▶ [Problem to work on]
Leave out each picture. Repeat everything else in the records exactly.
§ §
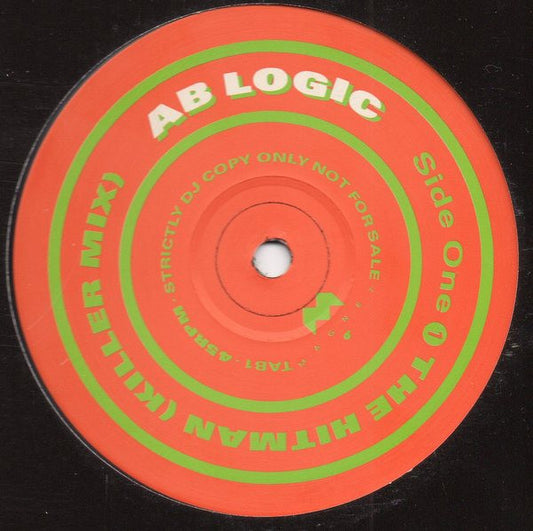 AB Logic : The Hitman (12", Promo)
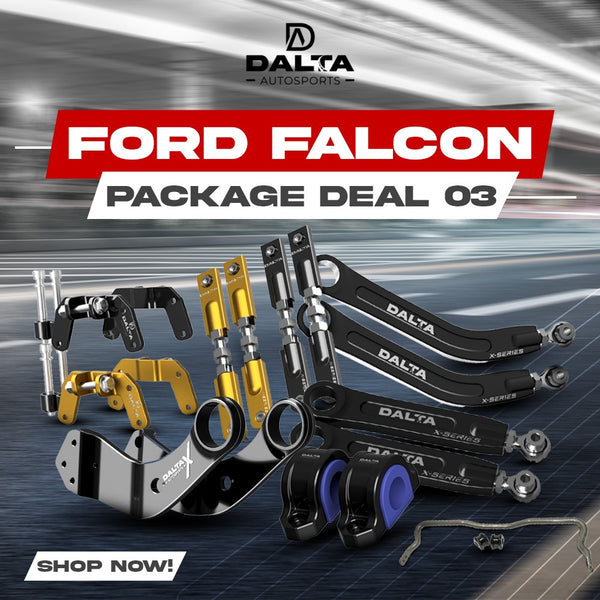 Dalta Autosports - Ford Falcon Package Deal 3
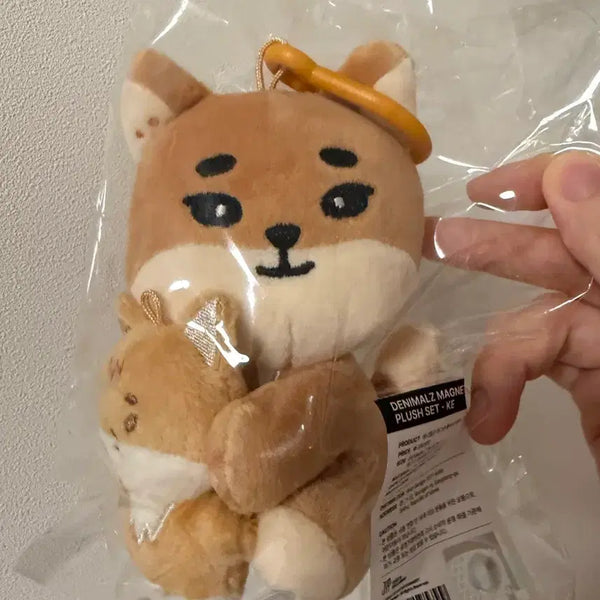 [BUNJANG] Day6 Daynmalz Magnet Flash Doll Keyring Set / [새상품] 데이식스 데니멀즈 마그넷 플래시 인형 키링 세트 - 케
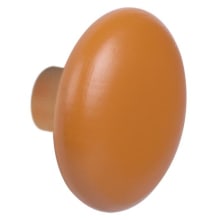 1-3/4 Inch Mushroom Cabinet Knob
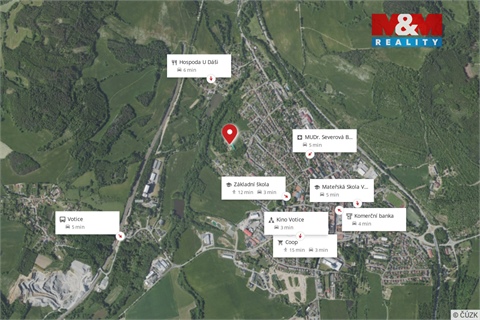 Prodej stavebního pozemku, 5 376 m² 8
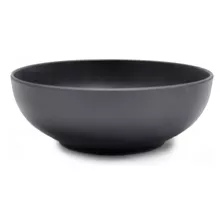 Bowl Shangai De Melamina Negra Premium 14 Cms Color Negro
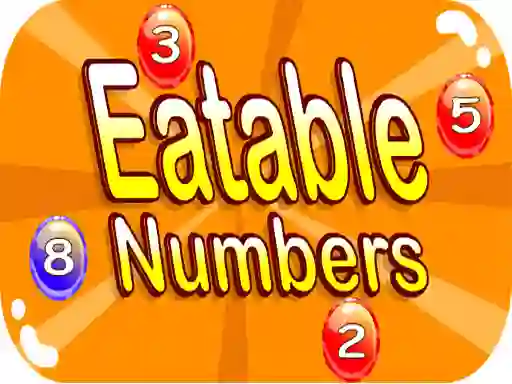 Eatable Numbers — 無料オンラインゲーム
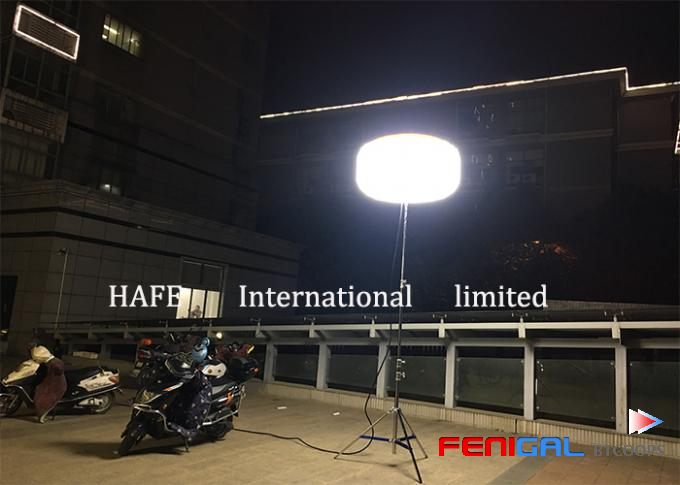 LED Balloon Light Sun LED 400W Metal Halide for Glare-Free 360° Worksite Lighting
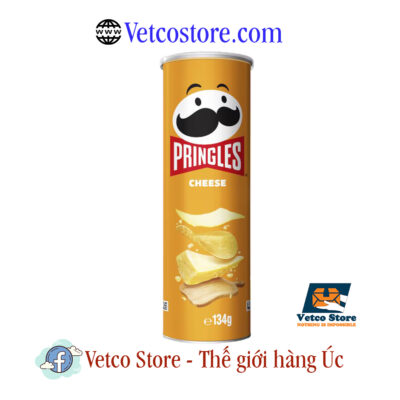 Bánh Khoai Tây Pringles Cheese 134g4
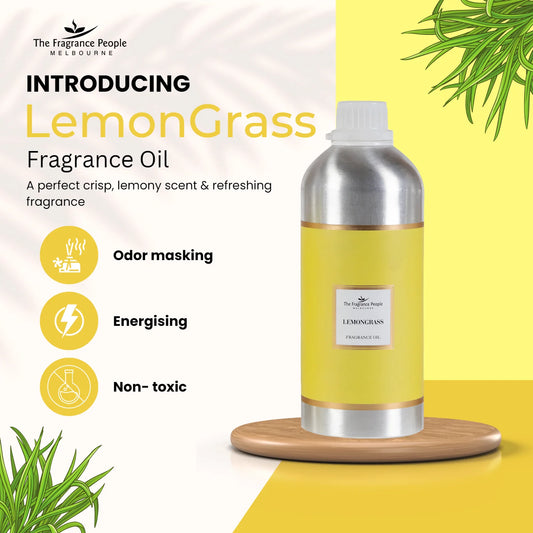 Lemon Grass Fragrance Oil (1 Litre)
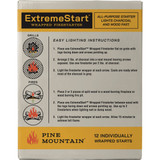 Pine Mountain ExtremeStart Fire Starter (12-Pack) 516-160-816 404176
§ §
▶ [Problem solution]
 AB Logic : The Hitman (12", Promo)
 Dalta Autosports - Ford Falcon Package Deal 3
 [BUNJANG] Day6 Daynmalz Magnet Flash Doll Keyring Set / [새상품] 데이식스 데니멀즈 마그넷 플래시 인형 키링 세트 - 케
 1-3/4 Inch Mushroom Cabinet Knob
 Prodej stavebního pozemku, 5 376 m² 8
 Bowl Shangai De Melamina Negra Premium 14 Cms Color Negro
 Eatable Numbers — 無料オンラインゲーム
 LED Balloon Light Sun LED 400W Metal Halide for Glare-Free 360° Worksite Lighting
 Bánh Khoai Tây Pringles Cheese 134g4
 Lemon Grass Fragrance Oil (1 Litre)
 Pine Mountain ExtremeStart Fire Starter (12-Pack) 516-160-816 404176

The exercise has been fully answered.